Beginning with the line that includes "20240322_124740 - コピー.jpg", return every remaining line of the material exactly as it reads, but not the pictures.
Top of INFORMATION SUPPLIED
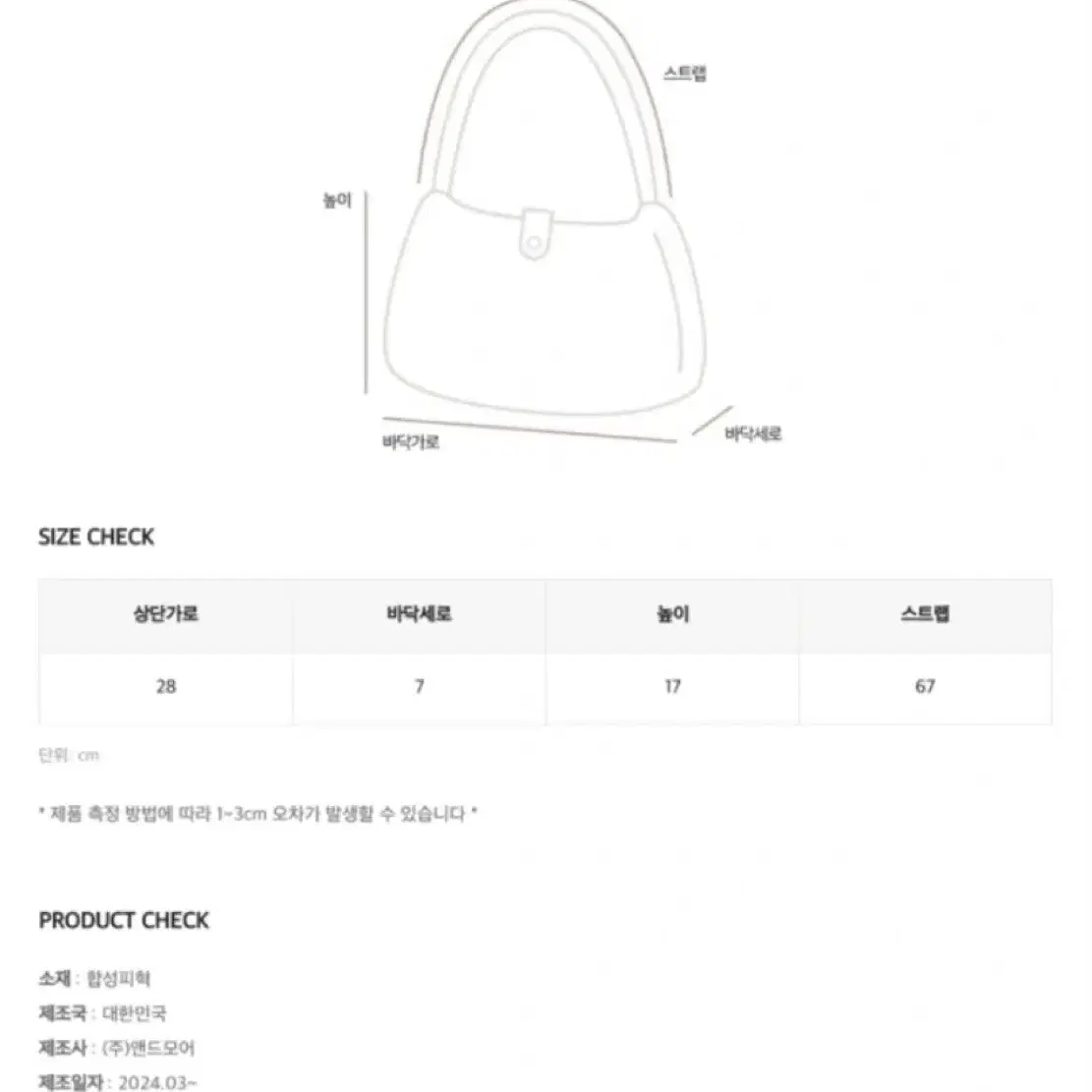 슬로우앤드 렌토 세라믹그레이 숄더백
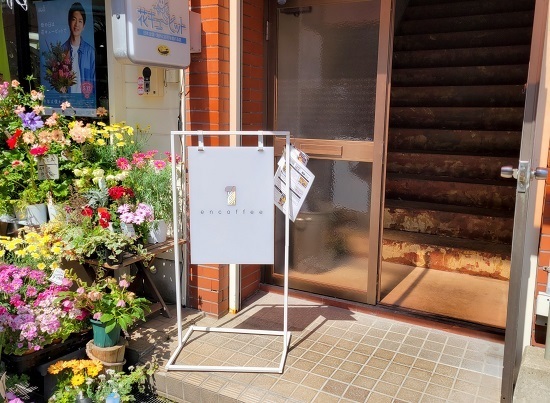 20240322_124740 - コピー.jpg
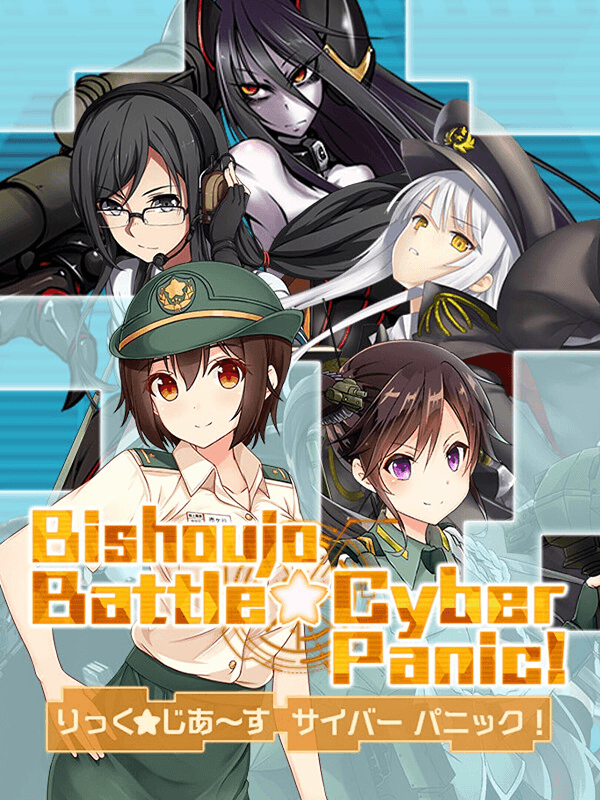 Bishoujo Battle: Cyber Panic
Bottom of INFORMATION SUPPLIED
* [THE COMPLETED TASK]
 20240322_124740 - コピー.jpg
 Bishoujo Battle: Cyber Panic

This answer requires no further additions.